You can also specify the following properties for the granular configuration of the on-demand HDInsight cluster.

Property	Description	Required
coreConfiguration	Specifies the core configuration parameters (as in core-site.xml) for the HDInsight cluster to be created.	No
hBaseConfiguration	Specifies the HBase configuration parameters (hbase-site.xml) for the HDInsight cluster.	No
hdfsConfiguration	Specifies the HDFS configuration parameters (hdfs-site.xml) for the HDInsight cluster.	No
hiveConfiguration	Specifies the hive configuration parameters (hive-site.xml) for the HDInsight cluster.	No
mapReduceConfiguration	Specifies the MapReduce configuration parameters (mapred-site.xml) for the HDInsight cluster.	No
oozieConfiguration	Specifies the Oozie configuration parameters (oozie-site.xml) for the HDInsight cluster.	No
stormConfiguration	Specifies the Storm configuration parameters (storm-site.xml) for the HDInsight cluster.	No
yarnConfiguration	Specifies the Yarn configuration parameters (yarn-site.xml) for the HDInsight cluster.	No

Example - On-demand HDInsight cluster configuration with advanced properties

{
    "name": " HDInsightOnDemandLinkedService",
    "properties": {
      "type": "HDInsightOnDemand",
      "typeProperties": {
          "clusterSize": 16,
          "timeToLive": "01:30:00",
          "hostSubscriptionId": "<subscription ID>",
          "servicePrincipalId": "<service principal ID>",
          "servicePrincipalKey": {
            "value": "<service principal key>",
            "type": "SecureString"
          },
          "tenant": "<tenant id>",
          "clusterResourceGroup": "<resource group name>",
          "version": "3.6",
          "osType": "Linux",
          "linkedServiceName": {
              "referenceName": "AzureStorageLinkedService",
              "type": "LinkedServiceReference"
            },
            "coreConfiguration": {
                "templeton.mapper.memory.mb": "5000"
            },
            "hiveConfiguration": {
                "templeton.mapper.memory.mb": "5000"
            },
            "mapReduceConfiguration": {
                "mapreduce.reduce.java.opts": "-Xmx4000m",
                "mapreduce.map.java.opts": "-Xmx4000m",
                "mapreduce.map.memory.mb": "5000",
                "mapreduce.reduce.memory.mb": "5000",
                "mapreduce.job.reduce.slowstart.completedmaps": "0.8"
            },
            "yarnConfiguration": {
                "yarn.app.mapreduce.am.resource.mb": "5000",
                "mapreduce.map.memory.mb": "5000"
            },
            "additionalLinkedServiceNames": [{
                "referenceName": "MyStorageLinkedService2",
                "type": "LinkedServiceReference"          
            }]
        }
    },
      "connectVia": {
      "referenceName": "<name of Integration Runtime>",
      "type": "IntegrationRuntimeReference"
    }
}

Node sizes

You can specify the sizes of head, data, and zookeeper nodes using the following properties:

Property	Description	Required
headNodeSize	Specifies the size of the head node. The default value is: Standard_D3. See the Specifying node sizes section for details.	No
dataNodeSize	Specifies the size of the data node. The default value is: Standard_D3.	No
zookeeperNodeSize	Specifies the size of the Zoo Keeper node. The default value is: Standard_D3.	No

Specifying node sizes See the Sizes of Virtual Machines article for string values you need to specify for the properties mentioned in the previous section. The values need to conform to the CMDLETs & APIS referenced in the article. As you can see in the article, the data node of Large (default) size has 7-GB memory, which might not be good enough for your scenario.
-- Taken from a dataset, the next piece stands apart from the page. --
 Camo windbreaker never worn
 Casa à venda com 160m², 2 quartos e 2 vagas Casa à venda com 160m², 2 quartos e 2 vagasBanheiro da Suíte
If you want to create D4 sized head nodes and worker nodes, specify Standard_D4 as the value for headNodeSize and dataNodeSize properties.

"headNodeSize": "Standard_D4",    
"dataNodeSize": "Standard_D4",

If you specify a wrong value for these properties, you might receive the following error: Failed to create cluster. Exception: Unable to complete the cluster create operation. Operation failed with code '400'. Cluster left behind state: 'Error'. Message: 'PreClusterCreationValidationFailure'. When you receive this error, ensure that you are using the CMDLET & APIS name from the table in the Sizes of Virtual Machines article.

Bring your own compute environment

In this type of configuration, users can register an already existing computing environment as a linked service. The computing environment is managed by the user and the service uses it to execute the activities.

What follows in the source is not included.